I would have said he added the suggestion that I find a new young man to date for that dinner and show; but he couldn’t have, because my watch unit didn’t record it. He must have winked or something to create the impression. I put the caplet in my mouth, chewed, and swallowed.
“Well, how’s the flavor?” he asked eagerly. “Good spearmint taste?”
“Yes. Very minty.”
“Good, good. Y’know,” he remarked, looking for a second at the two colored caplets left in his hand before dropping them back into the jar and screwing the lid on with a faint metallic whisking sound, “sometimes some of these samples look so good I wish I had an excuse to try ’em myself. Well, M. Tomlinson ...”

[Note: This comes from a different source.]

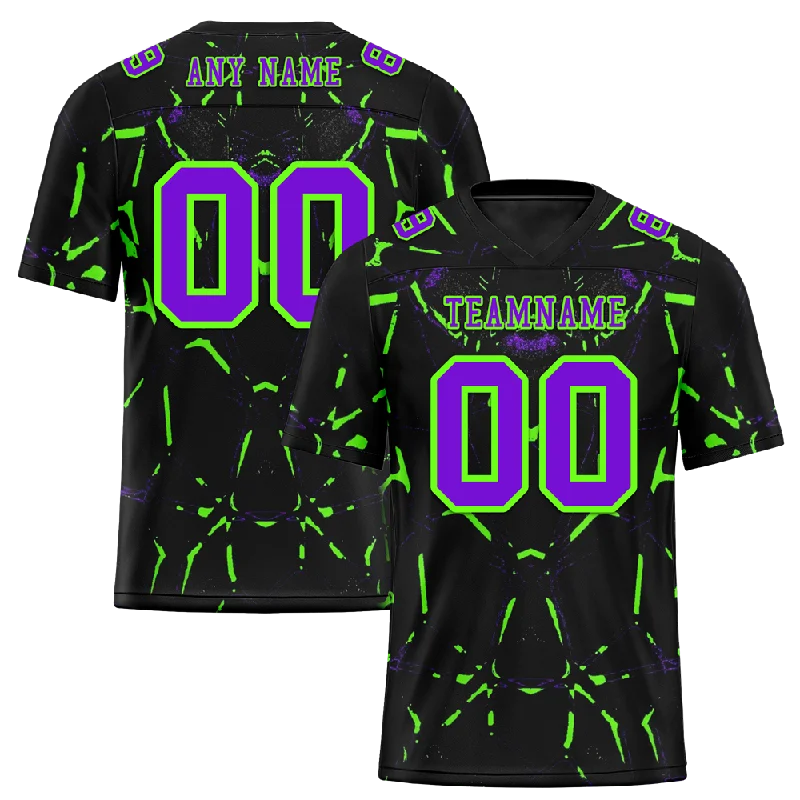 Custom soccer jersey for sports teams-Custom Black Graffiti Pattern Purple Personalized Authentic Football Jersey FBJ02-bc0fac0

There the cube’s memory reached full; but, as I recall, nothing else of any importance at all was said, only the usual end-of-visit pleasantries, pattered out in Dr. Macumber’s friendly good humor. A friend to all the world, I remember thinking as he strolled with me back to the reception desk to arrange my appointment for the next day. And, this man is in the right profession, he really loves people, my thoughts added as he juggled somebody else’s appointment to another slot in order to make room for me at eighteen hundred hours.